Mad Men was great last night, as usual. We got to see the new copywriter make what all creatives in advertising know as a client meeting faux pas: revealing unapproved ideas to the client, and in the process, undermining the creative director. That’s a big no, no. Which Michael Ginsberg learned last night. At least, we hope he learned it.
I’m not going to go into my usual feminist rants about how Peggy should have been the one presenting pantyhose ideas in the first place. Because the true heroine of last night’s episode was Joan, and it had nothing to do with advertising. It had to do with personal boundaries and self respect. I don’t want to be that much of a spoiler, so I’ll just say that the courage it took for Joan to do what she did speaks volumes for how empowered women were becoming in that era, how they had grown tired of being put at the bottom of the world’s priority list, especially the lists of men. She stood her ground and said, “this is not good enough for me.” I’ve never been more proud of a fictional character than I was of her.
Then, we had to get into The Pitch, where I don’t know why I was surprised to see an ex-boss on the WDCW team. It’s been years since I worked in Los Angeles, but when I did I worked at Ground Zero for Court Crandall, who couldn’t get a word in edge-wise against Tracy Wong and all his zAMbie enthusiasm.

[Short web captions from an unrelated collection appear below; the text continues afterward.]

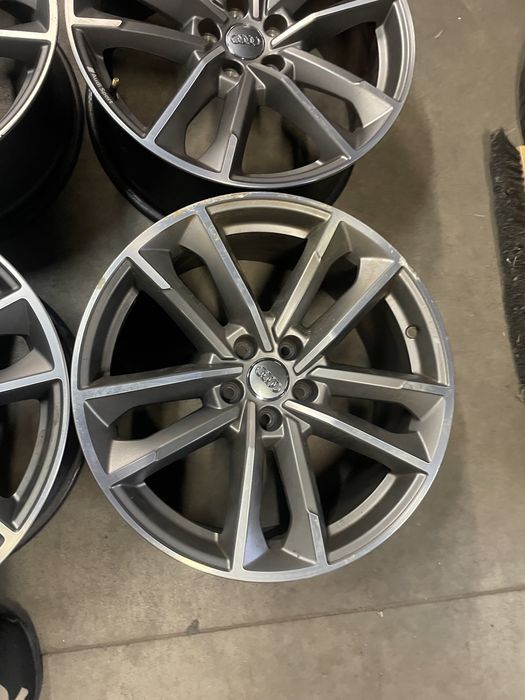 Felgi Audi Sport 19 cali q3 q2 oryginalne piekne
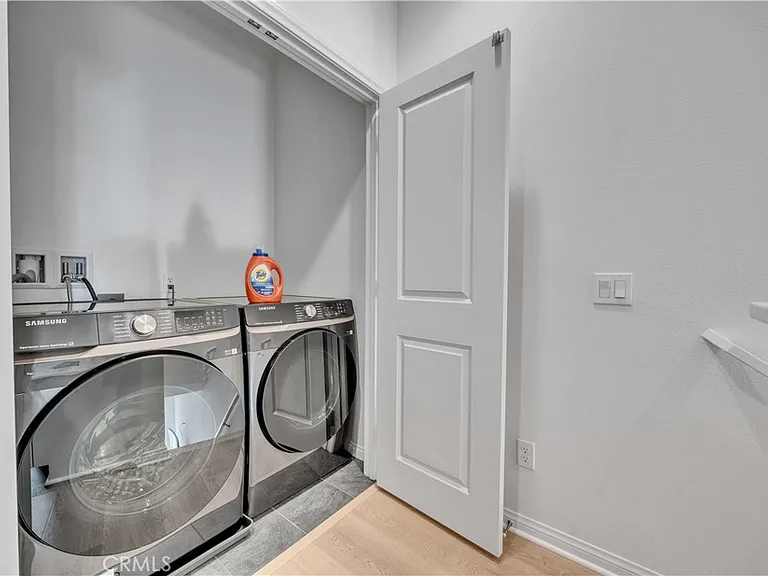 527 W Victor Ave — Photo 21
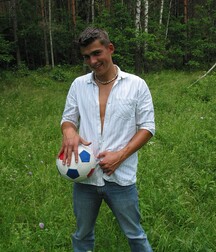 The smiling lad Fred shows off outdoors boys porn 62b099e72af6b.jpg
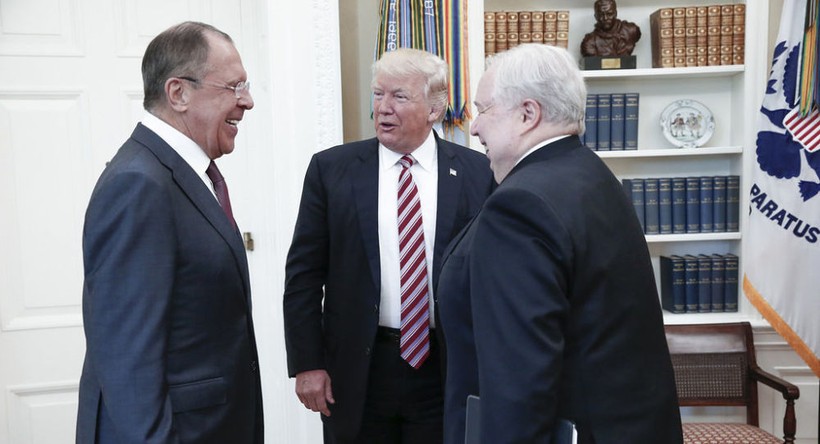 Tổng thống Mỹ D. Trump tiếp Ngoại trưởng Nga S. Lavrov và Đại sứ Nga tại Nhà Trắng ngày 10/5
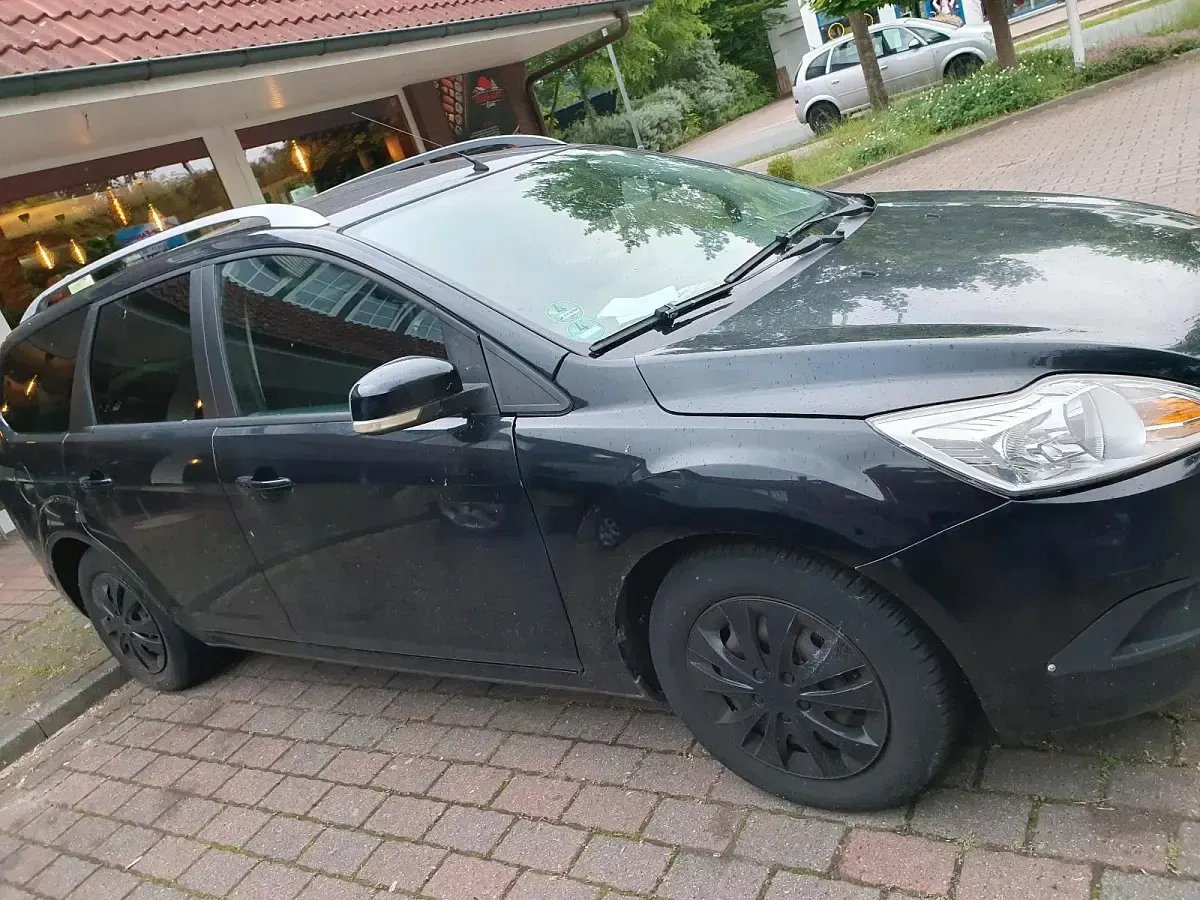 Gebraucht Ford Focus 140 PS (102 kW) 2009 Kombi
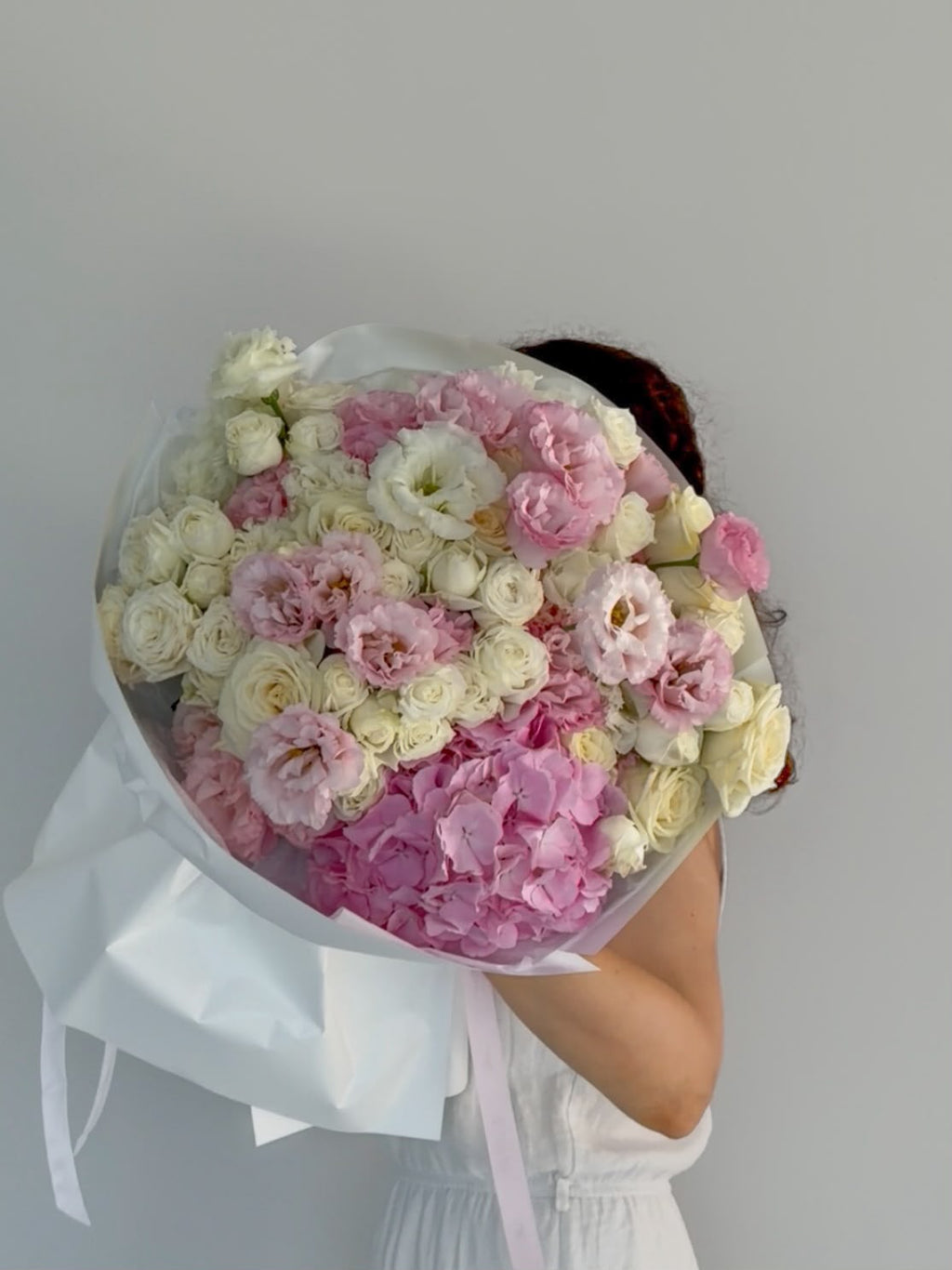 FLOWERS BOUQUET WITH HYDRANGEA AND EUSTOMA “WOMEN WONDER”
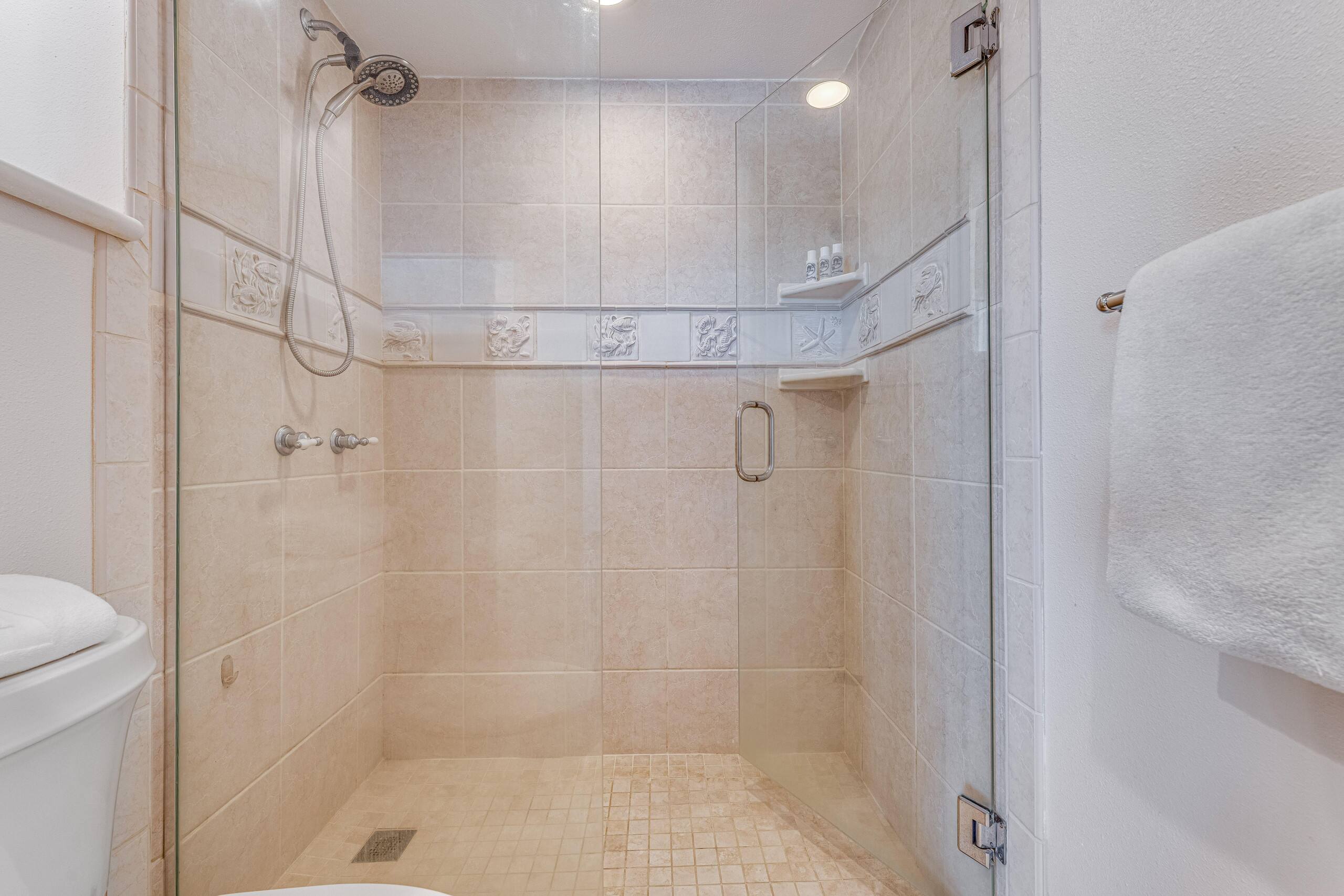 Condo in Kihei · ★4.8 · 1 bedroom · 2 beds · 1 bath - Image 23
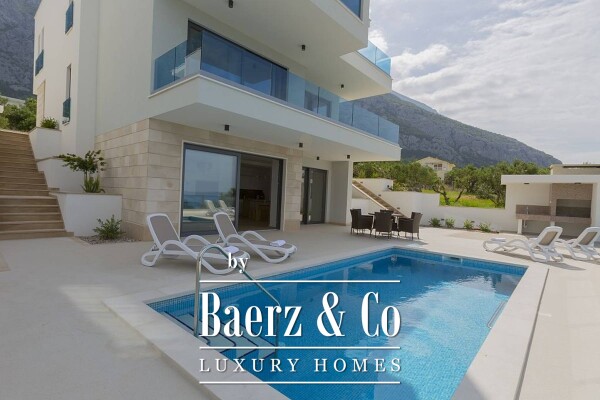 photo 1 Makarska, beautiful villa with sea view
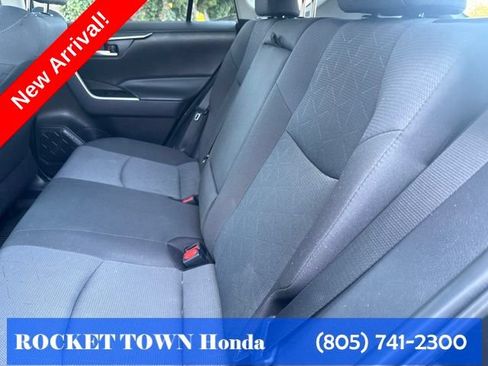 Used 2025 Toyota RAV4 XLE AWD/4WD image 19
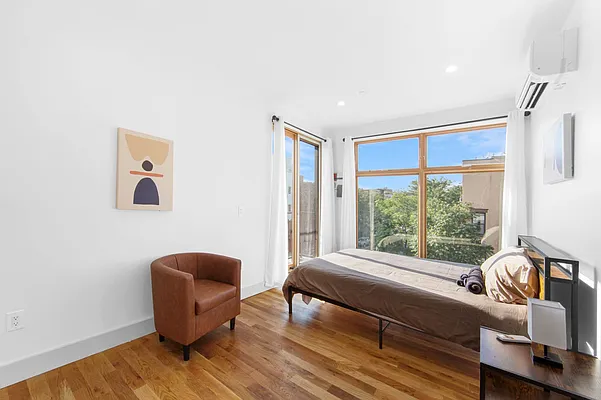 Rented by SpaceReqs LLC | media 12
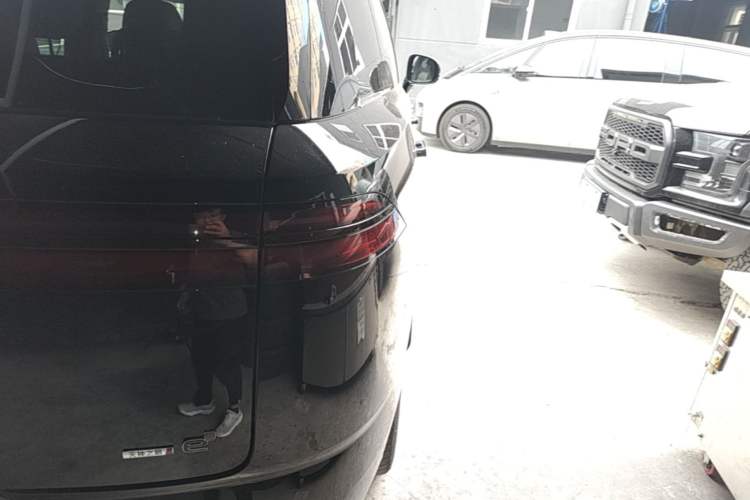 Used Denza N8L 2025 Model Flagship Model Right Rear Taillight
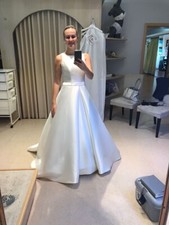 PRONOVIAS - Brautkleid, Gr. 36-38, Schlicht, Edel, Schleppe! Probe in München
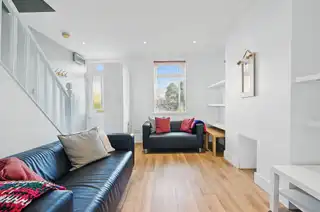 4 Ashley DriveImage 6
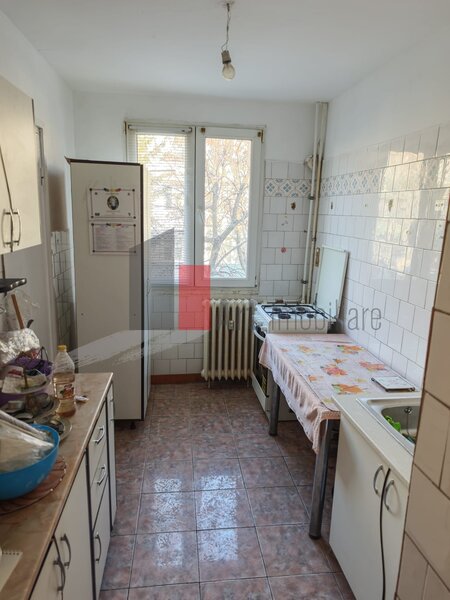 Obregia, Piata Straduintei, vanzare apartament 3 camere.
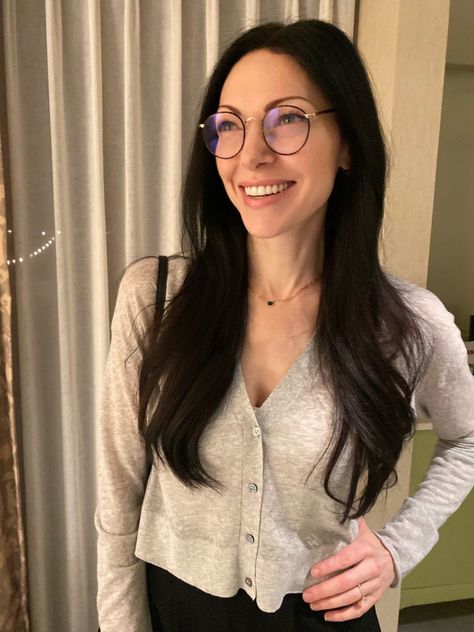 Laura Pepron, Alex And Piper, Alex Vause, Laura Prepon, Middle Aged Women, My Kind Of Woman, Orange Is The New Black, Ravenclaw, Celebrity Crush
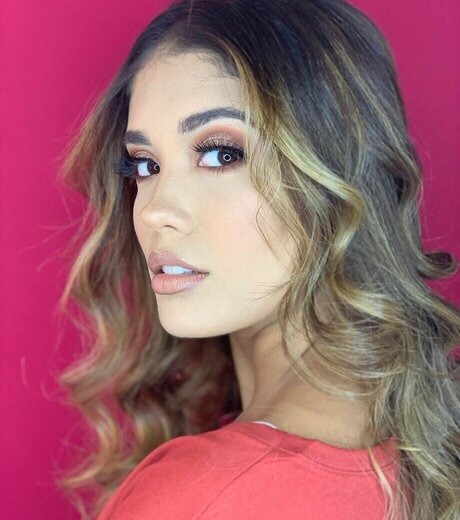 Valeria Emiliani model hd photos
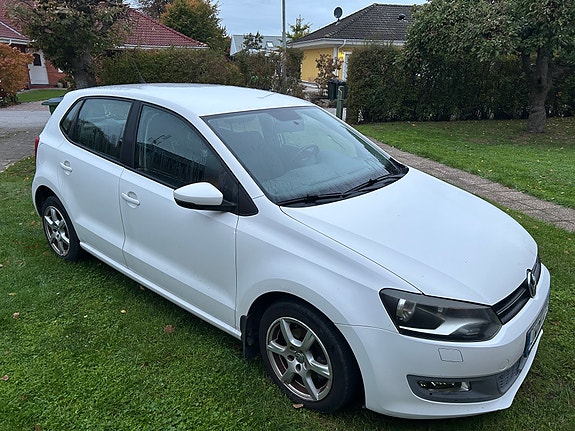 Volkswagen Polo 2 of 7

The Pitch might have been entertaining for people who have never lived this lifestyle, but it was a bit unnerving to us (my husband and I are both in advertising). We kept saying the only good thing about watching it was that we didn’t have to work on it ourselves. Phew!
My main issue with it was that it reminded me of the most painful parts of working in advertising: the grueling hours, the harsh criticism from creative directors who often lack the social skills to motivate their teams properly, the fact that creative directors present work they didn’t create themselves, ripping all the passion out of it in the process, the clients who often don’t appreciate that the reasons we try to be as creative as possible is because we want people to actually watch their commercials. Their criticism that the ideas didn’t make food look appetizing made me cringe because I’ve heard it a thousand times. People aren’t watching TV to be seduced into eating something. They are watching TV to be entertained. And people like those who entertain them.
As for what I thought of the ideas, I thought McKinney’s line “Let’s fix breakfast” nailed it. But the execution fell flat. I would have asked the creative team to come up with several different ways to execute that line, then gone with the best one. Also, I would have let the team who created it, present it.
McKinney’s rap idea was kind of lame, but I agree with them that it had the most appeal to their target audience. It probably would have invaded the culture and gotten people talking, which is the best thing advertising can do, basically because viral ideas that generate word-of-mouth buzz turn into multitudes of free advertising for the client. It’s hard to beat that.
I didn’t like the zAMbie’s idea at all. I thought it was “borrowed interest” without having any entertainment value. And I thought it was designed poorly. Plus, it was kind of arrogant to go in there with only one idea. I’ve seen this done before, and it often works, but it’s risky. In this case, they risked losing. And, to quote my husband, “Zombies eat brains. That’s not something I want to be thinking about while I’m eating breakfast.”